Rise up? Throw up more likely!
Politicians rely on people’s short memories and none more so than Tony Blair, who must rate as one of the most deceitful, despised characters ever to have been Prime Minister. So his recruitment to the Europhile cause, trying to get people to “rise up” and overturn the democratic decision to leave the EU, is most welcome to independence campaigners.
Even Simon Jenkins in the Guardian has said Blair should “butt out”, adding that “former Prime Ministers do not campaign against the people” Our President, my colleague George West, agrees. “It is time for the people of Britain to rise up against Tony Blair, a man who promised to take the UK out of the EEC if elected to Parliament.He should remember his promise and stop blethering on about trying to keep us inside the European Union.”
Let us remember, he is the man who sent our troops into Iraq, ill-equipped on the strength of a dodgy dossier which was later found to have been plagiarised from a student’s thesis on the internet.

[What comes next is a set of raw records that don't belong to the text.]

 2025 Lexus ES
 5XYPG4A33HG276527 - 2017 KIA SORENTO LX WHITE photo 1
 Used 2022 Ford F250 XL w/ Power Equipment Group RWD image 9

The Weapons of Mass Destruction did not exist. Many better men than he were sent to their deaths or disablement on the strength of his deceit.

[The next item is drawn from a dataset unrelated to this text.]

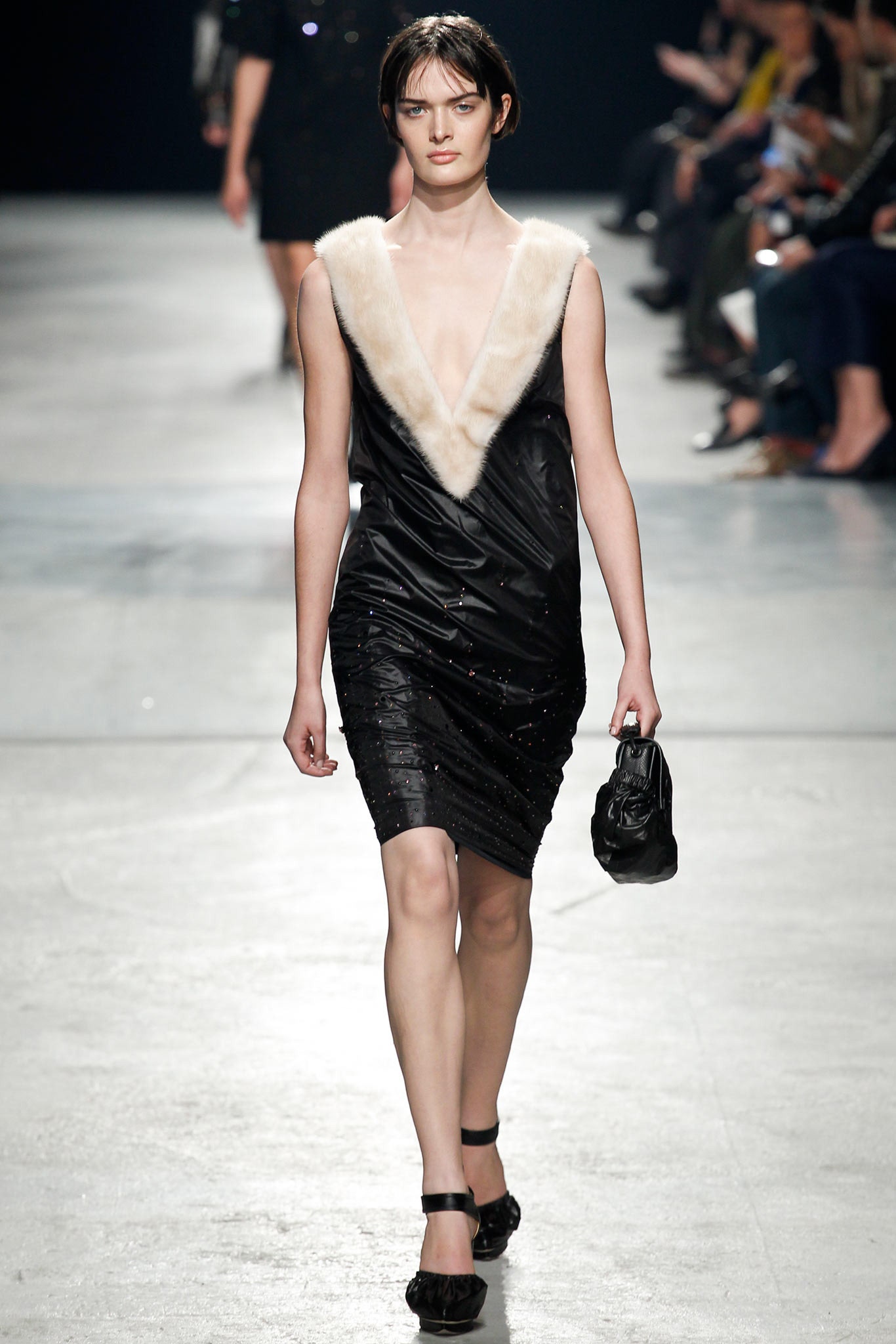 Christopher Kane F/W 14 Look 198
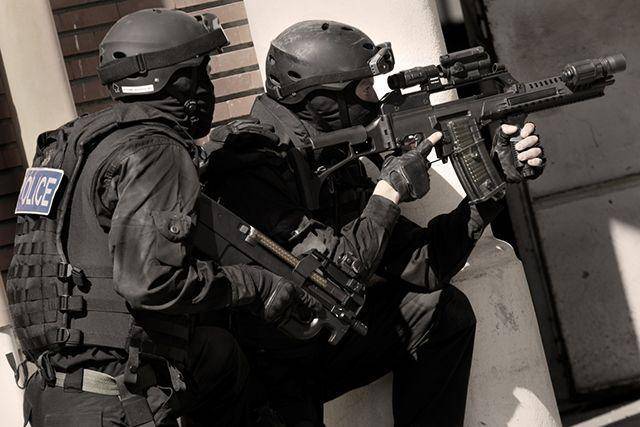 安装在hk416步枪上的m4红点瞄准镜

He now pretends concern that the controversy over Brexit could lead to the break-up of the United Kingdom, yet he and his government bear the greatest responsibility for this. Devolution in Scotland and Wales was quite deliberately “asymmetric” – that is unbalanced and unfair, creating bad feeling between people in different parts of the kingdom.
Blair’s deputy, John Prescott, set about completing the process of dividing Britain by trying to create elected regional assemblies in England. The people of the North East rejected that soundly. Had the programme succeeded, the whole country would have been balkanised into regions of around 5 million people with their own representation in Brussels – bite-sized chunks for easier digestion by the EU. Scotland and Wales are, of course, EU regions.
The ideology for this was set out in a report on British identity by the Runnymede Trust which Blair commissioned. It was chaired by Lord Parekh and came to the conclusion that we now were “a nation of communities” and that the very terms British and Britain were so laden with racism that their use should be discouraged and, if possible, discontinued. On that account, the report considered a completely new name for our country but, in the end, made no recommendation.
These are the sort of people who will be backing Blair and who have made the very name “Blairite” one of the most deadly insults possible within the Labour party and its former supporters. David Cameron, of course, aspired to be “the heir to Blair” and the country gave him his marching orders with the referendum. Their day is done. With challenges as well as opportunities, we are on our way to being a free country now.